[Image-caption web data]
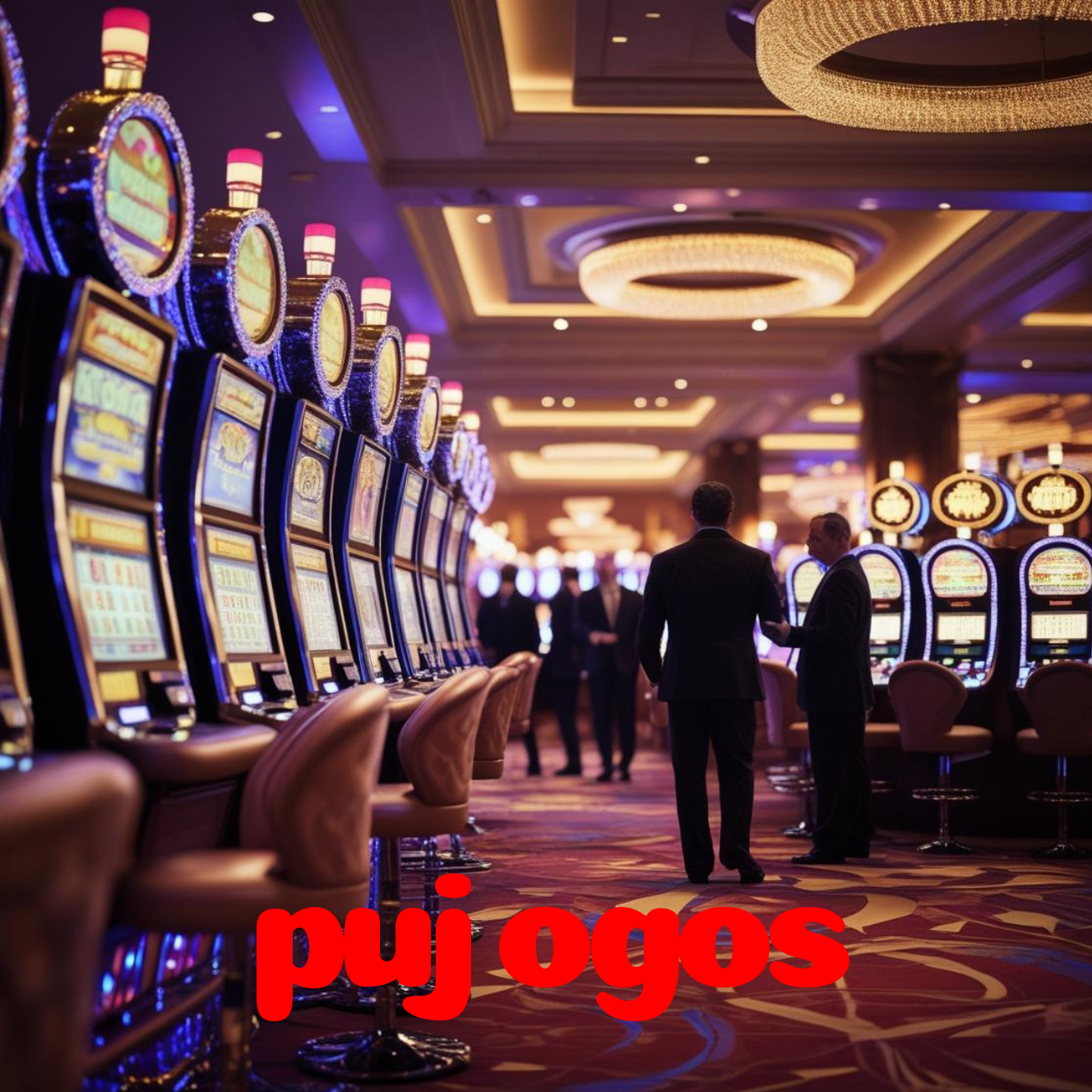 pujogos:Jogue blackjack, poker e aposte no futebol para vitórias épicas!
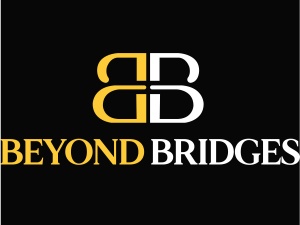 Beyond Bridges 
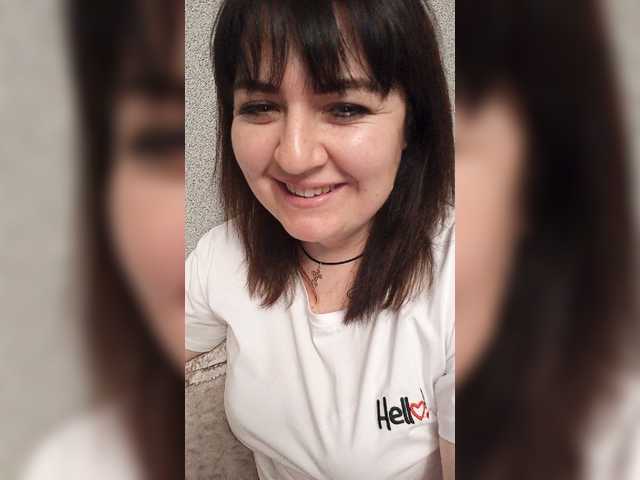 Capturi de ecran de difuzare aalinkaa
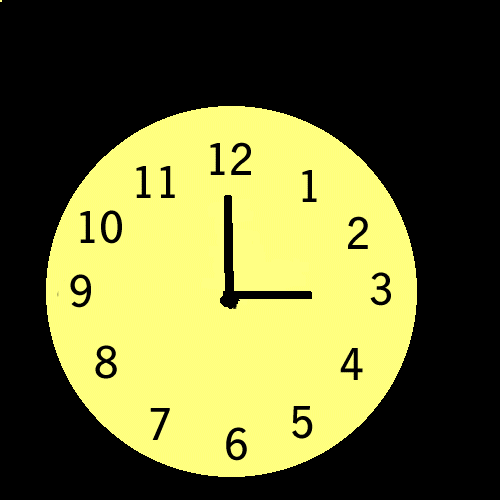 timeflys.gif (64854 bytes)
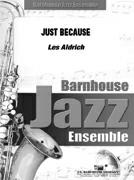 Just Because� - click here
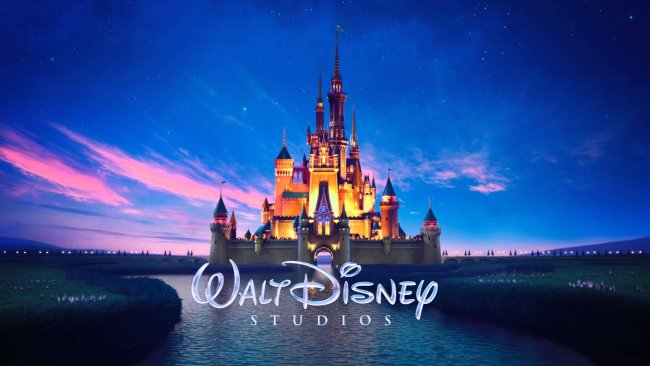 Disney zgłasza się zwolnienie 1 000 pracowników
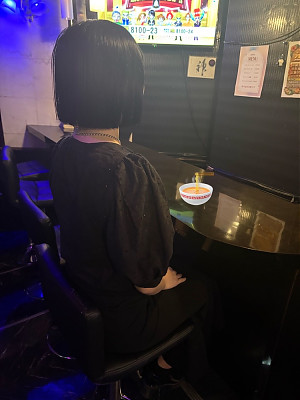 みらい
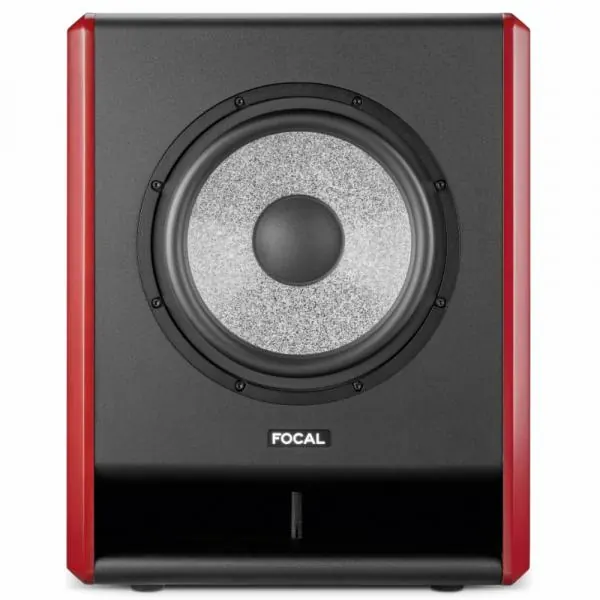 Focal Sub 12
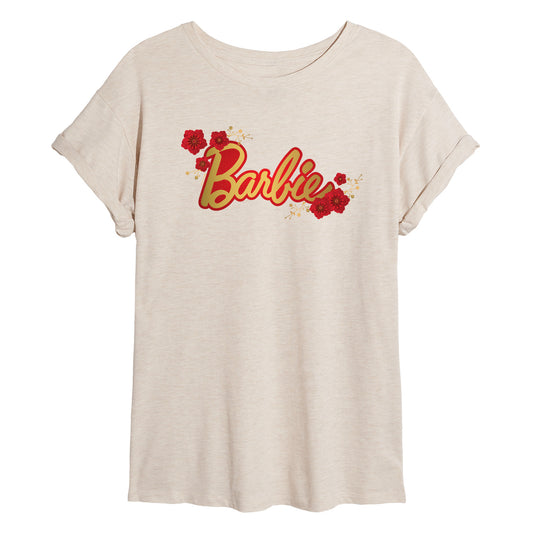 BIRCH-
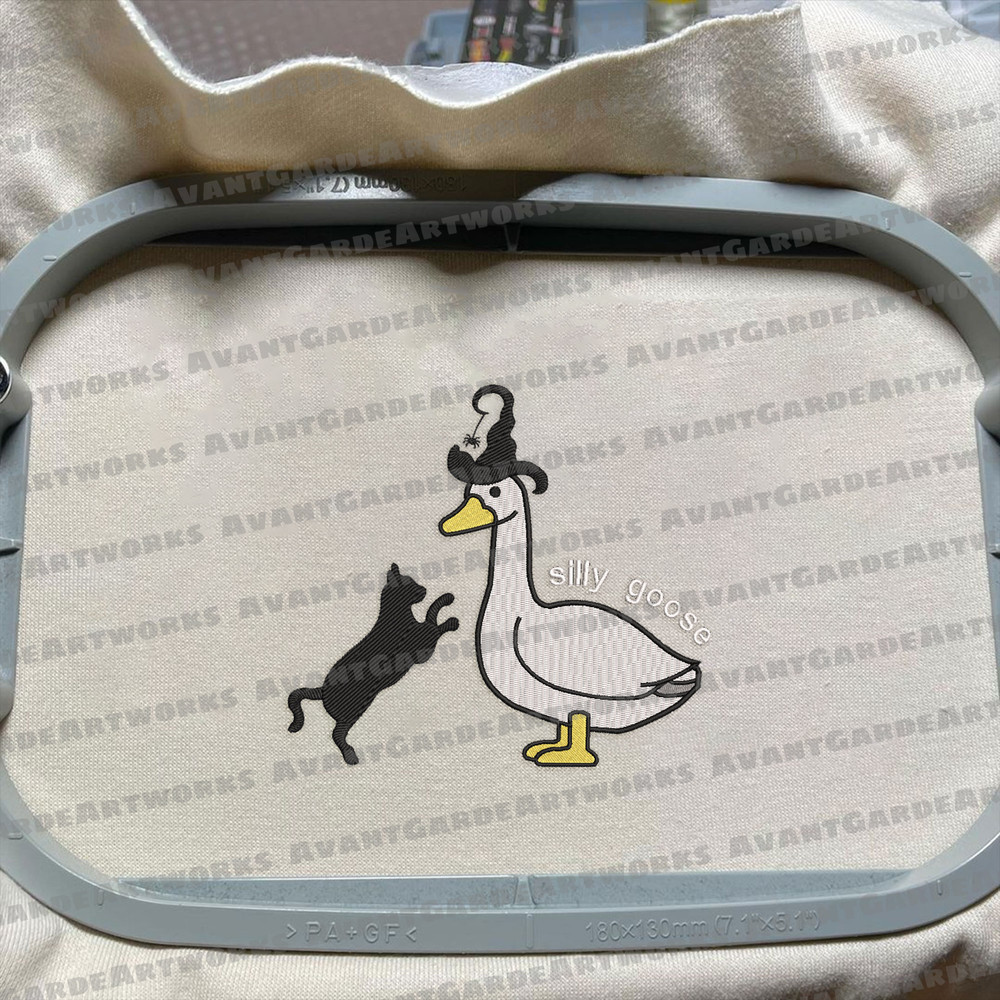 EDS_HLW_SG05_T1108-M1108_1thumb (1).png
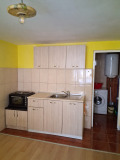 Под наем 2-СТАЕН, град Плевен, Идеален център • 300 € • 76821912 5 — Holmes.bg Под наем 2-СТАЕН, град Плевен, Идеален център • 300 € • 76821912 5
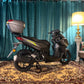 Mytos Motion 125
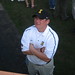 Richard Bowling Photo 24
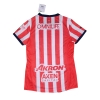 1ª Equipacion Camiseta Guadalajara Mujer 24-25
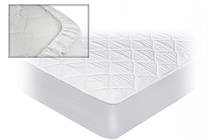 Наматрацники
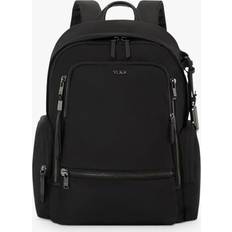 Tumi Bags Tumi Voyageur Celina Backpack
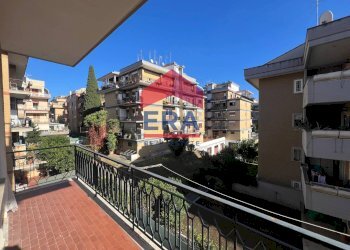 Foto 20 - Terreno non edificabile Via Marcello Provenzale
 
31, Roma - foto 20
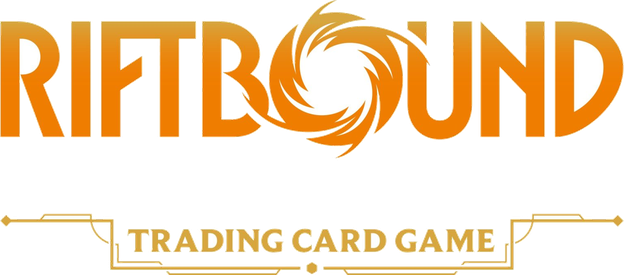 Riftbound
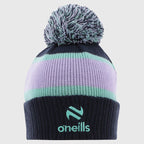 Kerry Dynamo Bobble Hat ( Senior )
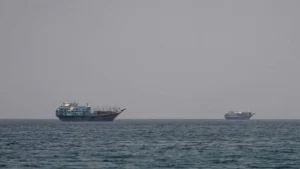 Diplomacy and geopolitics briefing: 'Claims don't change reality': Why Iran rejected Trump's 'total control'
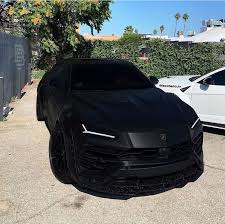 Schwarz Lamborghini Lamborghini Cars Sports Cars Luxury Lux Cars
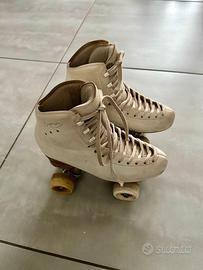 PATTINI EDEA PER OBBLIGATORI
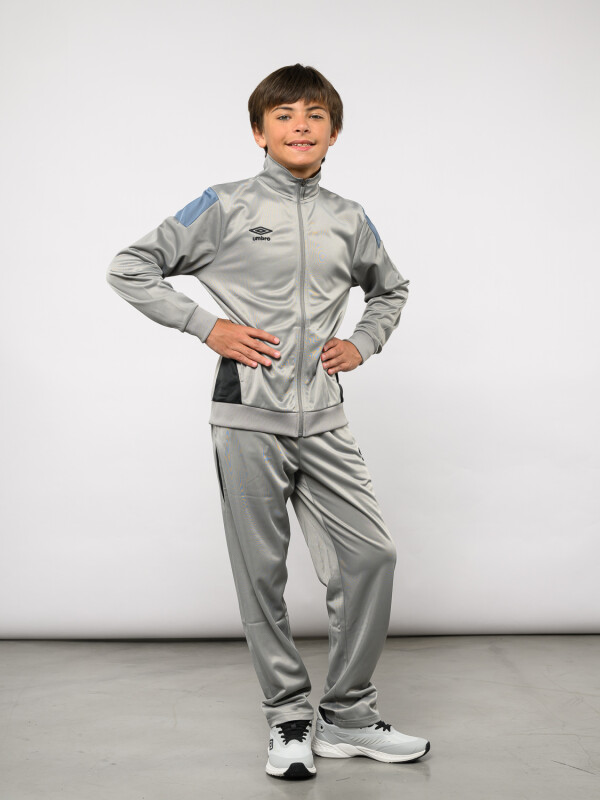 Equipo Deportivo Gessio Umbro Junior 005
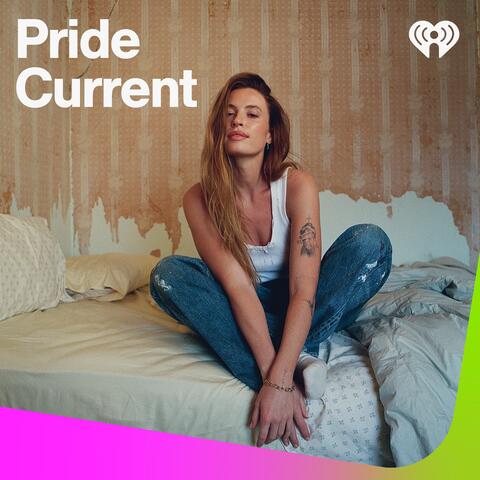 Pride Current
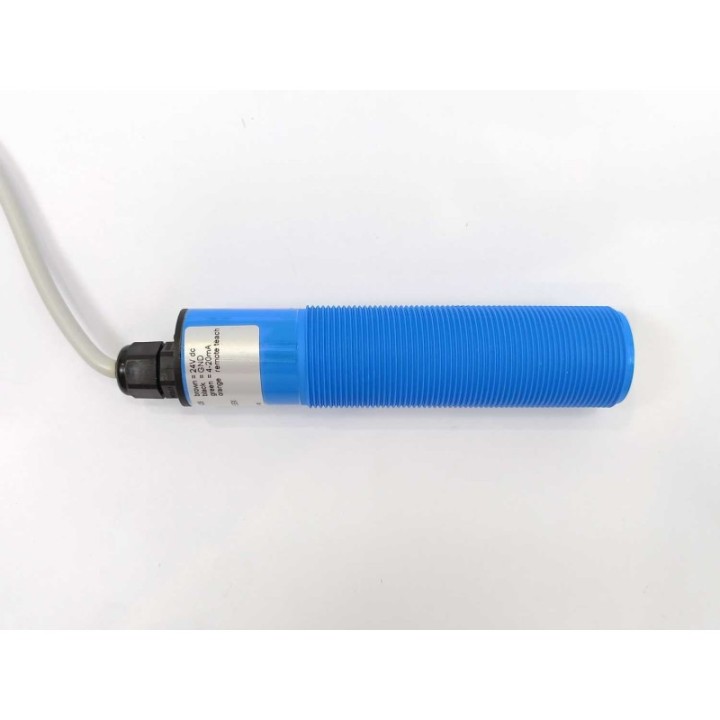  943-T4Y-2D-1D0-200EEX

_REQUIRED WORK_
Using the data above, copy exactly the lines from the one containing "Tumi Bags Tumi Voyageur Celina Backpack" to the one containing "Kerry Dynamo Bobble Hat ( Senior )", inclusive. Exclude the pictures.

_RESULT FOR THIS EXERCISE_
 Tumi Bags Tumi Voyageur Celina Backpack
 Foto 20 - Terreno non edificabile Via Marcello Provenzale
 
31, Roma - foto 20
 Riftbound
 Kerry Dynamo Bobble Hat ( Senior )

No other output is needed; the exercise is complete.